Oui j’ai toréé plusieurs encastes mais en vérité il y a eu beaucoup de Domecq. C’est 90 % mais avec Nuñez del Cuvillo, du Jandilla et du Marquis de Saltillo qui a été un plus. Cette course avec les Saltillo m’a apporté dans la vision de la toreria et des toros. Tous les toreros, au moins une fois dans leur vie devraient toréer une ganaderia du genre. Victorino, Adolfo, Miua, La Quinta, on voit la race du toro et ça n’a rien à voir avec les Domecq. C’est hyper exigeant et hyper technique. Si techniquement, physiquement ou mentalement tu n’es pas là c’est foutu. C’est le toro qui décide et ça, ça m’a aidé.
Même avec des Domecq ?
L’idée du toro, c’est la même. Ils sont proches tout en étant éloignés. Plus l’encaste est complexe, plus la technique sera importante. Il faut s’adapter, à chaque passe avoir le bon toque et le placement qu’il faut. J’essaie d’anticiper, de me mettre dans les bons terrains.

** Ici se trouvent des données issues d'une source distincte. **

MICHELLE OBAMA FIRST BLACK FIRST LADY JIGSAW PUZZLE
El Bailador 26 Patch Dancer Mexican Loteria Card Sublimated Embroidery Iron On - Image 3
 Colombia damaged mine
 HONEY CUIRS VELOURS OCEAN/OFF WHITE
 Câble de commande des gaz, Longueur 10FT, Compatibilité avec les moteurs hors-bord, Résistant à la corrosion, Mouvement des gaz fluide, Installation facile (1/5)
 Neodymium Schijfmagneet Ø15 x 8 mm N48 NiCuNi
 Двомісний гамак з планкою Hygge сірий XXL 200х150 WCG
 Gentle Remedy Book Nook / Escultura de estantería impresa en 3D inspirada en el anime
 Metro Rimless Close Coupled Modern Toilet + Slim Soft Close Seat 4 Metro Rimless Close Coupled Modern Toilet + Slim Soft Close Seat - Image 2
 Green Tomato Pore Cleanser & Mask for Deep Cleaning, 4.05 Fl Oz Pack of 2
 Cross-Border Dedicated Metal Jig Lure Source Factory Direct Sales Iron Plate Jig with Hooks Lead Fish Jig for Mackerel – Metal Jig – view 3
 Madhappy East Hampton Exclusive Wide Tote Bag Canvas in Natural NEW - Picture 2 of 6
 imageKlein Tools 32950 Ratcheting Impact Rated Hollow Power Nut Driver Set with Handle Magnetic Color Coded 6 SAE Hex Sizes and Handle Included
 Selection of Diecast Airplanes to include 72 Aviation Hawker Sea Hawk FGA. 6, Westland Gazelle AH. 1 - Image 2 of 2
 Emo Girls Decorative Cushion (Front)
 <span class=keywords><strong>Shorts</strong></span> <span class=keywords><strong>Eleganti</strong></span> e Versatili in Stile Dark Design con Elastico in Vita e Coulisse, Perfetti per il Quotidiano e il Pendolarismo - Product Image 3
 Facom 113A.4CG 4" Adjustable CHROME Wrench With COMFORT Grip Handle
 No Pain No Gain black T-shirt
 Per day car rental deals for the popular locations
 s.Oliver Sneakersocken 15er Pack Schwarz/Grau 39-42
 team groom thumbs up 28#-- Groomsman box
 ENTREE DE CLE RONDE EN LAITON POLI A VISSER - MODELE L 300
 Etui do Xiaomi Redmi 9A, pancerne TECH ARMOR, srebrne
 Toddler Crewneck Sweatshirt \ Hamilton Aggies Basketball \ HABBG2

L’entourage est de bon conseil dans ces moments ?
J’écoute ce qu’on me dit, c’est important parce que si tu restes dans ton truc et que tu commences à avoir des problèmes, il faut comprendre. De l’extérieur, ils le voient. En toréant de salon je demande parfois qu’on me fasse un toro très dur pour m’entraîner aussi à réagir.
Au campo cet hiver ?
Oui, normalement à Salamanque, peut-être à Séville, j’aime beaucoup Madrid aussi mais à Salamanque j’ai plus de contacts, il y a de grandes ganaderias qui permettent de to former. En France on doit aller chez Tardieu ou Gallon.
Des pépins physiques cette saison ?
Une petite blessure à Boujan, un coup au nez à Brea de Tajo mais rien de plus ! Mais j’ai pris de vraies boites… Sur le moment, j'ai encore plus envie et le lendemain, tu restes un peu couché dans le lit, tu mets un peu de crème et ça repart. À chaque fois que je me fais attraper, ça me dévoile un truc. Je me remets en question à chaque toro.
Allez-vous au sorteo ?
Quand je torée le matin c’est trop tôt. Quand je torée le soir j’allais au sorteo. Ça ne me dérangeait pas mais ça ne m’apportait pas grand-chose si ce n’est les avoir vu. J’étais content de les voir et de rencontrer tout le monde. C’est aussi là que tu parles de tout et de rien, de l’avenir. On commence à montrer son visage.
Les clarines viennent de sonner. Le toro sort du toril.
J’analyse. Je regarde son comportement, comment il est physiquement. Dès qu’il arrive au burladero, je sors.
Au capote avec le toro parfait ?
J’aime commencer en Véroniques à pieds joints, ça a de la gueule et en même temps tu torées le toro. Après, quelques Véroniques, pourquoi ne pas partir en Chicuelinas et un remate avec un jeter de cape rattrapée fini sur une main par le bas.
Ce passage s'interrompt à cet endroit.